* Stored dataset items:

########################################

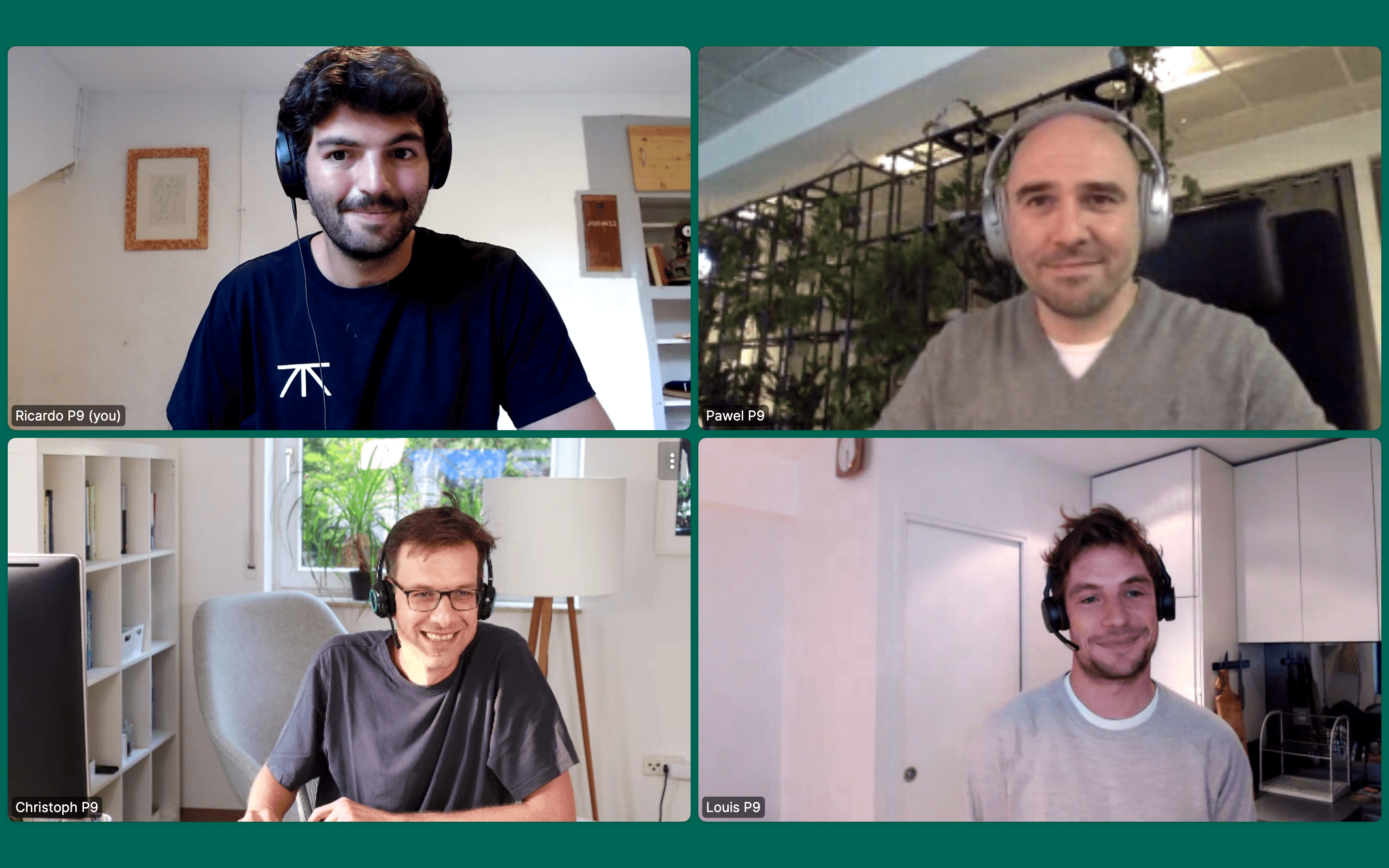 SaaS and marketplace VC Point Nine brings two new partners on board, debuts new €100 million seed fund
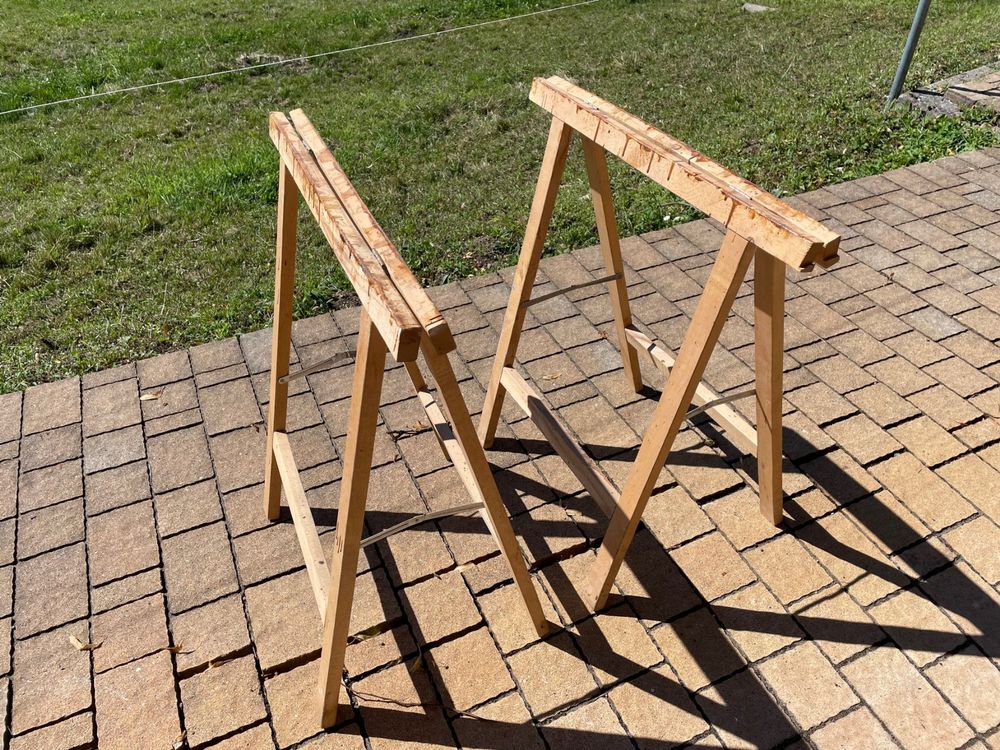 42+ Holzböcke Günstig Kaufen, 74 cm, kiefer online bestellen oder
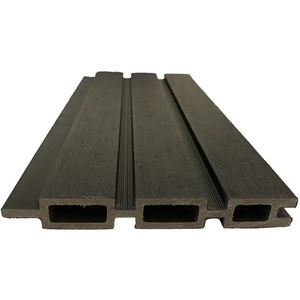 Scherma decorativa esterna Wpc pannelli giardino legno composito Privacy <span class=keywords><strong>recinzione</strong></span> - Product Image 2
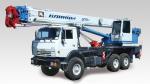 Автокран кс-55713-5К-3 Клинцы, г/п 25т, 28м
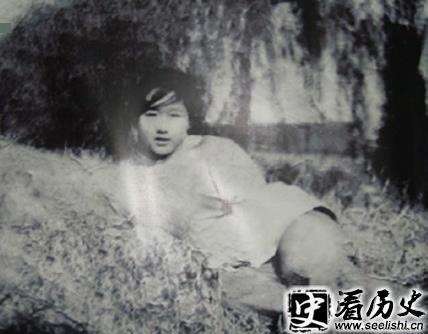最美的抗日女兵刘守玟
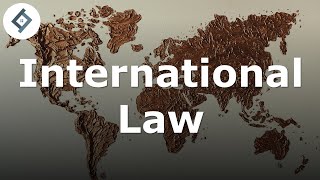 Introduction to International Law [upl. by Garnette]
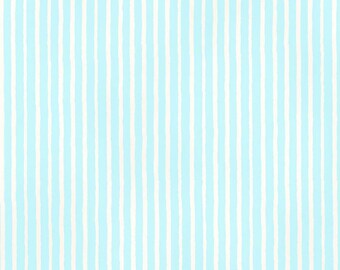 Light Blue Stripe from the Guess How Much I Love You 3 Collection by Clothworks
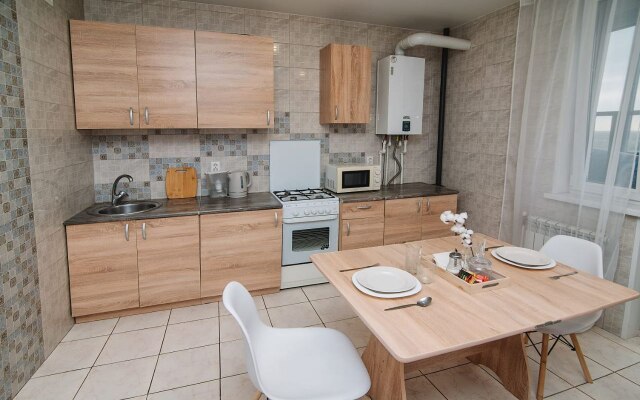 Апартаменты Апрель Брестская 1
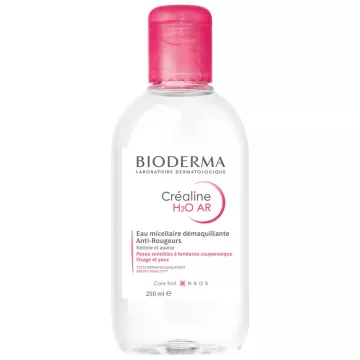 Bioderma Sensibio TS H2O Solución Micelar 250ml anti Enrojecimiento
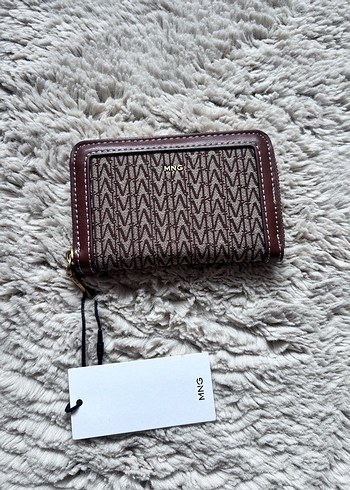 Mango Desenli Kadın Cüzdan - Görsel 2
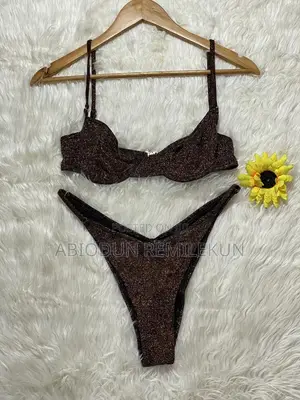 Thrifted Bikini Set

########################################

* EXERCISE INSTRUCTIONS: Begin with the line containing "Introduction to International" and end with the last line of the entries above. Copy those lines exactly, both ends included, and drop every picture.

* SOLUTION TO THE PROBLEM:
 Introduction to International Law [upl. by Garnette]
 Light Blue Stripe from the Guess How Much I Love You 3 Collection by Clothworks
 Апартаменты Апрель Брестская 1
 Bioderma Sensibio TS H2O Solución Micelar 250ml anti Enrojecimiento
 Mango Desenli Kadın Cüzdan - Görsel 2
 Thrifted Bikini Set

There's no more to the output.